Firstly, any attack system that is particularly effective against one of the captcha sub–instance types gains little against the t–captcha as a whole. Imagine that an automated attack is designed, that achieves a remarkable 100 percent success rate against system C2. Even this remarkable attack gains the attacker no useful ground against the system as a whole. The combined effort required to pass the whole t–captcha once is now defined by the competence of the attacker against the remaining parts of the t–captcha, that is, C3 ... Ct. The typical success rate per attempt would still be (0.01(t-1)) and the resource would remain protected.

Example: For an t–captcha based upon four sub–challenges (a 4t–captcha) under the assumptions above, it would still require the equivalent of 4.106 times as much effort for a ‘remarkable attacker’ to pass the 4t–captcha once, compared to the single traditional captcha.
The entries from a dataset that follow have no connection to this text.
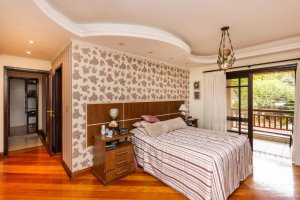 Casa com 350m², 4 dormitórios no bairro Vila Assunção em Porto Alegre para Alugar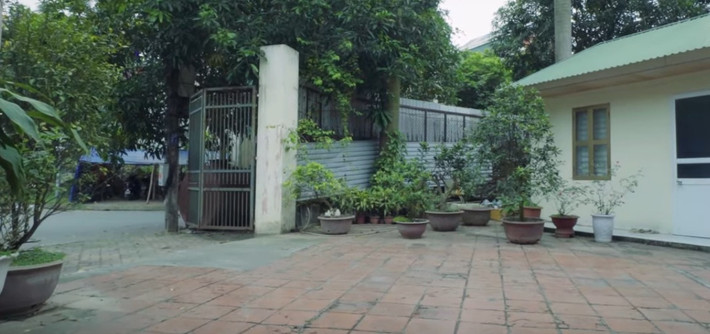 Giống như nhiều ngôi nhà khác ở quê, căn nhà của gia đình Hoàng Đức có khoảng sân rộng rãi, lát gạch đỏ. Ảnh: Vlog Minh Hải.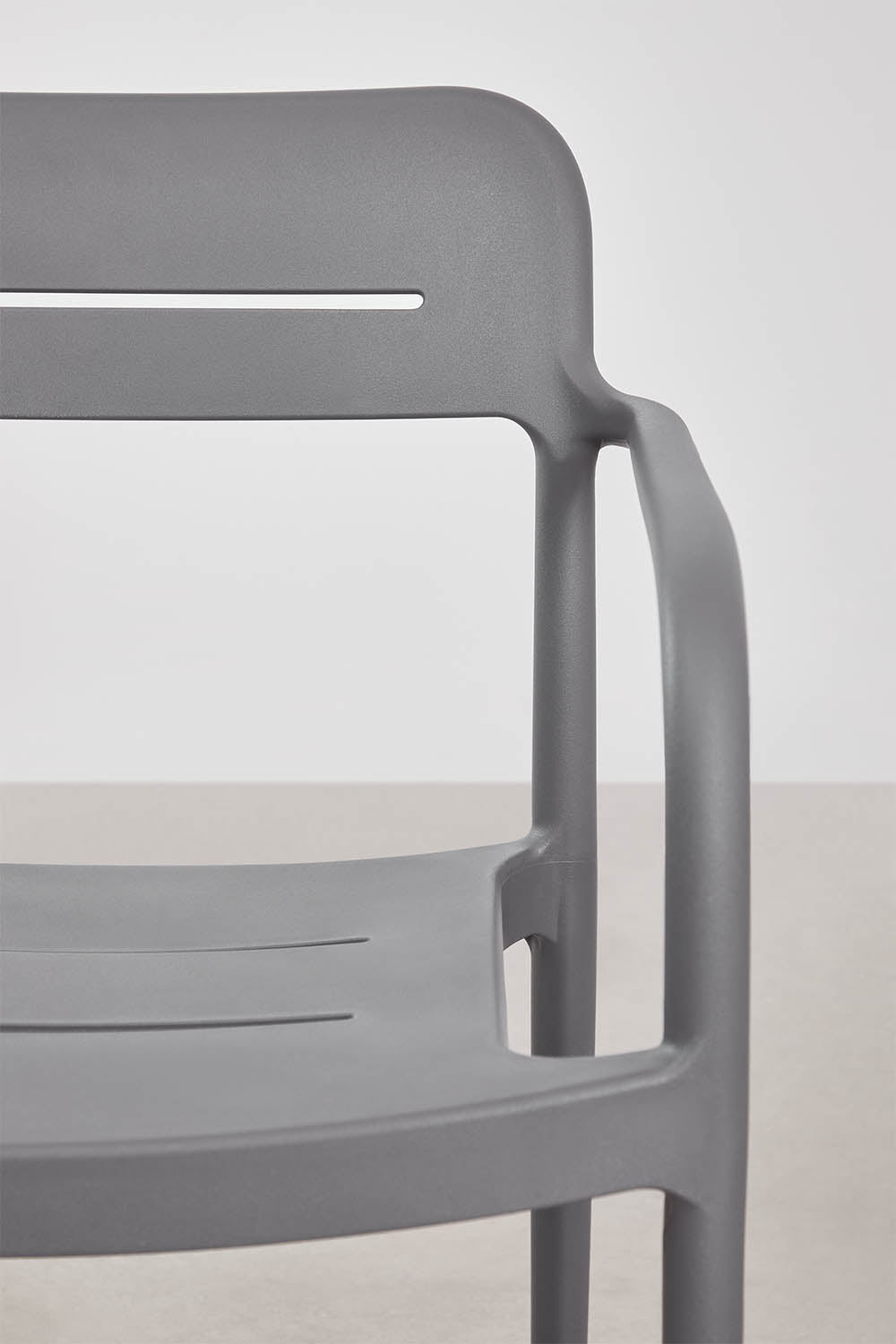 Set de table ronde Ø110 cm en aluminium Elton et 4 chaises de jardin empilables en polypropylène Graneli
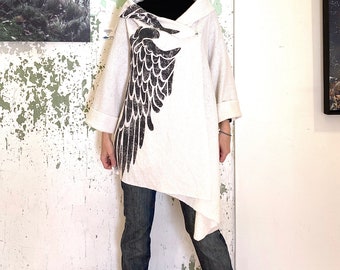 Asymmetrische jas van merinowol. Wollen kimono-omslagdoek in grote maten. Kimono-jasje. Wollen jas. Jas met vleugels. Handbeschilderde kleding.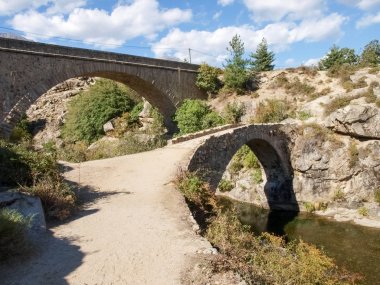 Albertacce, eski taş köprü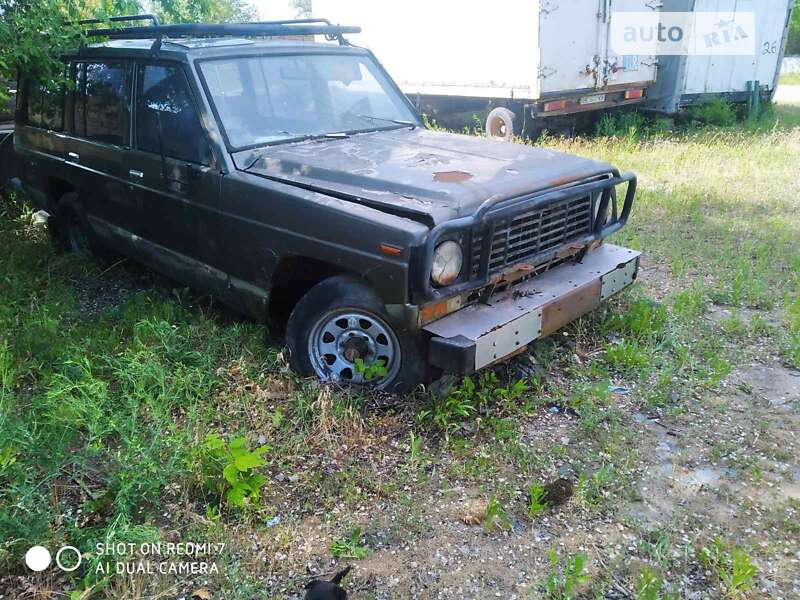 Nissan Patrol (1988)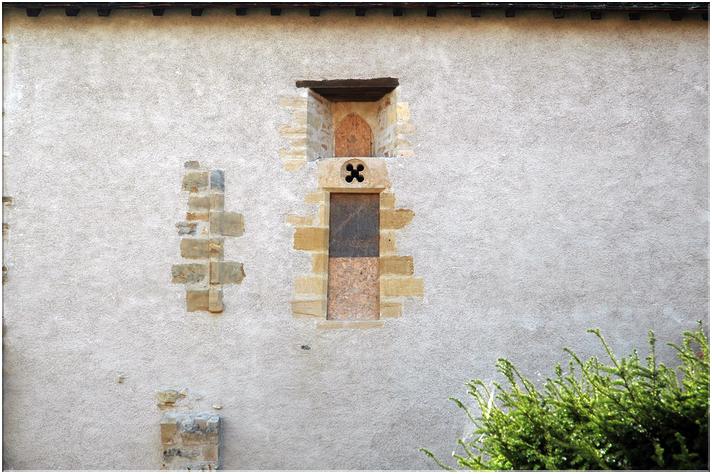 Façade Nord du Cloître franciscain de Saint Nizier sous Charlieu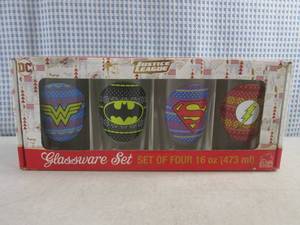 lot 282 image: (C-4) DC Justice League 4pc Glasswa...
A human, in contrast, might require merely 4/(0.93) = 4.49 times as much effort per success compared to the traditional captcha. Consequently, even this theoretical ‘remarkable attacker’ faces a typical relative workload that is still around 729,000 times greater than that faced by a human.

Generally, the CIR will be an extremely high value as it was with Strategy 1. It could be said that with the t–captcha, we are not only exploiting the flexibility of human perception within each captcha instance; additionally, we are exploiting the flexibility of human perception in aggregate across different forms of captcha, in order to exponentially amplify the challenge of the captcha for attackers but not for humans. Consequently, the overall effort for a human will be essentially no different for an t–captcha than it would for an m–captcha; after all, the human has an approximately equal level of skill against any reasonably designed captcha instance. The effort required from the human will therefore still scale approximately linearly for small values of t as before. However, for an attacker to achieve a level of competence that is equivalent to a human overall, the attack developer would need to produce multiple distinct attack heuristics targeted against each unique part of the t–captcha, with each capable of nearly human–level success rates. This is a substantially greater challenge for attackers.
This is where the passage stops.